Repeat each record word for word.

Material provided:
※ ※ ※

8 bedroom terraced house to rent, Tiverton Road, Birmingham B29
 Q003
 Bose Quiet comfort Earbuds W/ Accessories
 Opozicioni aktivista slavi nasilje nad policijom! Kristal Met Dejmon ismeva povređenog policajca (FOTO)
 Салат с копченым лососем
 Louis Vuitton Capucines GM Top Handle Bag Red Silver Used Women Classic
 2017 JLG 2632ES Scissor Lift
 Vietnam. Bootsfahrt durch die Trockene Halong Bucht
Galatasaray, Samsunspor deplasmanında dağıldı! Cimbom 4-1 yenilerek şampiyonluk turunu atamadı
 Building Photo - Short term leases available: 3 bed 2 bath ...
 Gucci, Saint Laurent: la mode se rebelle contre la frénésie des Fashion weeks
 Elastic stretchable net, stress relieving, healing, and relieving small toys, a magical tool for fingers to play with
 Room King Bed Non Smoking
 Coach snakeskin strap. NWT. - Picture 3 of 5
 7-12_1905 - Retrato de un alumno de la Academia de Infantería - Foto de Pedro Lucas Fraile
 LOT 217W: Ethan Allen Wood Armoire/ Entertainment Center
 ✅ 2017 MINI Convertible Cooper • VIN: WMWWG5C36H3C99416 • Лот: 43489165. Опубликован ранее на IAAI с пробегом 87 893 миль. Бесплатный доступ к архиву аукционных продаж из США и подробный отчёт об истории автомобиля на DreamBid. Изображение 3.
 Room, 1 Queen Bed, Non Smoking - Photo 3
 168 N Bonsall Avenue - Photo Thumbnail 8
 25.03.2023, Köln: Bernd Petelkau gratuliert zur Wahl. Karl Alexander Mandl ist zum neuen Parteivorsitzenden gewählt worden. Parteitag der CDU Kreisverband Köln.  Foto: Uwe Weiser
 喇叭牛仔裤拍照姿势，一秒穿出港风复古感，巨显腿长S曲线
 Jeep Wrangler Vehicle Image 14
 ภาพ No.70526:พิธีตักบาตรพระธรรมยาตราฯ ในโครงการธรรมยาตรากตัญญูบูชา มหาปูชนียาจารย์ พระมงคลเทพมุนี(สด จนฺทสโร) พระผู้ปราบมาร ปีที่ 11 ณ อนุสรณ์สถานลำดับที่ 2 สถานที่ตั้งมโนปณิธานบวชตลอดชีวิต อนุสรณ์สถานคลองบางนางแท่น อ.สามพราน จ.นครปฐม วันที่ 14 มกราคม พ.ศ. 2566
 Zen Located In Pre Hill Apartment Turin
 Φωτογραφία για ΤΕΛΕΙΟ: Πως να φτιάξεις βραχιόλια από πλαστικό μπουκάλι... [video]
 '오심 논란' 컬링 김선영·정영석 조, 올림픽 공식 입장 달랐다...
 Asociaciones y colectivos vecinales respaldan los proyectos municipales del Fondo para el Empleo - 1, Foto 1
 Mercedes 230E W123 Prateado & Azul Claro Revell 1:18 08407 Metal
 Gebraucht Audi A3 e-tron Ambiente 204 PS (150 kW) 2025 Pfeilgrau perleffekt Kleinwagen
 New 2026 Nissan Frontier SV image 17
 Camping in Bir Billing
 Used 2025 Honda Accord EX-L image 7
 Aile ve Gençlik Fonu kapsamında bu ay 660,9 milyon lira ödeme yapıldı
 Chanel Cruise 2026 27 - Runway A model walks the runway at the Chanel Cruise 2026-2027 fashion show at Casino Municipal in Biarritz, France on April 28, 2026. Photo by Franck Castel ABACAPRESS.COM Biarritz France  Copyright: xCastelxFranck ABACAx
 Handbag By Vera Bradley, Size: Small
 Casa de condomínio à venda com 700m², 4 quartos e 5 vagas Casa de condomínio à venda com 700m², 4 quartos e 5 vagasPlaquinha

※ ※ ※

Answer space:
8 bedroom terraced house to rent, Tiverton Road, Birmingham B29
 Q003
 Bose Quiet comfort Earbuds W/ Accessories
 Opozicioni aktivista slavi nasilje nad policijom! Kristal Met Dejmon ismeva povređenog policajca (FOTO)
 Салат с копченым лососем
 Louis Vuitton Capucines GM Top Handle Bag Red Silver Used Women Classic
 2017 JLG 2632ES Scissor Lift
 Vietnam. Bootsfahrt durch die Trockene Halong Bucht
Galatasaray, Samsunspor deplasmanında dağıldı! Cimbom 4-1 yenilerek şampiyonluk turunu atamadı
 Building Photo - Short term leases available: 3 bed 2 bath ...
 Gucci, Saint Laurent: la mode se rebelle contre la frénésie des Fashion weeks
 Elastic stretchable net, stress relieving, healing, and relieving small toys, a magical tool for fingers to play with
 Room King Bed Non Smoking
 Coach snakeskin strap. NWT. - Picture 3 of 5
 7-12_1905 - Retrato de un alumno de la Academia de Infantería - Foto de Pedro Lucas Fraile
 LOT 217W: Ethan Allen Wood Armoire/ Entertainment Center
 ✅ 2017 MINI Convertible Cooper • VIN: WMWWG5C36H3C99416 • Лот: 43489165. Опубликован ранее на IAAI с пробегом 87 893 миль. Бесплатный доступ к архиву аукционных продаж из США и подробный отчёт об истории автомобиля на DreamBid. Изображение 3.
 Room, 1 Queen Bed, Non Smoking - Photo 3
 168 N Bonsall Avenue - Photo Thumbnail 8
 25.03.2023, Köln: Bernd Petelkau gratuliert zur Wahl. Karl Alexander Mandl ist zum neuen Parteivorsitzenden gewählt worden. Parteitag der CDU Kreisverband Köln.  Foto: Uwe Weiser
 喇叭牛仔裤拍照姿势，一秒穿出港风复古感，巨显腿长S曲线
 Jeep Wrangler Vehicle Image 14
 ภาพ No.70526:พิธีตักบาตรพระธรรมยาตราฯ ในโครงการธรรมยาตรากตัญญูบูชา มหาปูชนียาจารย์ พระมงคลเทพมุนี(สด จนฺทสโร) พระผู้ปราบมาร ปีที่ 11 ณ อนุสรณ์สถานลำดับที่ 2 สถานที่ตั้งมโนปณิธานบวชตลอดชีวิต อนุสรณ์สถานคลองบางนางแท่น อ.สามพราน จ.นครปฐม วันที่ 14 มกราคม พ.ศ. 2566
 Zen Located In Pre Hill Apartment Turin
 Φωτογραφία για ΤΕΛΕΙΟ: Πως να φτιάξεις βραχιόλια από πλαστικό μπουκάλι... [video]
 '오심 논란' 컬링 김선영·정영석 조, 올림픽 공식 입장 달랐다...
 Asociaciones y colectivos vecinales respaldan los proyectos municipales del Fondo para el Empleo - 1, Foto 1
 Mercedes 230E W123 Prateado & Azul Claro Revell 1:18 08407 Metal
 Gebraucht Audi A3 e-tron Ambiente 204 PS (150 kW) 2025 Pfeilgrau perleffekt Kleinwagen
 New 2026 Nissan Frontier SV image 17
 Camping in Bir Billing
 Used 2025 Honda Accord EX-L image 7
 Aile ve Gençlik Fonu kapsamında bu ay 660,9 milyon lira ödeme yapıldı
 Chanel Cruise 2026 27 - Runway A model walks the runway at the Chanel Cruise 2026-2027 fashion show at Casino Municipal in Biarritz, France on April 28, 2026. Photo by Franck Castel ABACAPRESS.COM Biarritz France  Copyright: xCastelxFranck ABACAx
 Handbag By Vera Bradley, Size: Small
 Casa de condomínio à venda com 700m², 4 quartos e 5 vagas Casa de condomínio à venda com 700m², 4 quartos e 5 vagasPlaquinha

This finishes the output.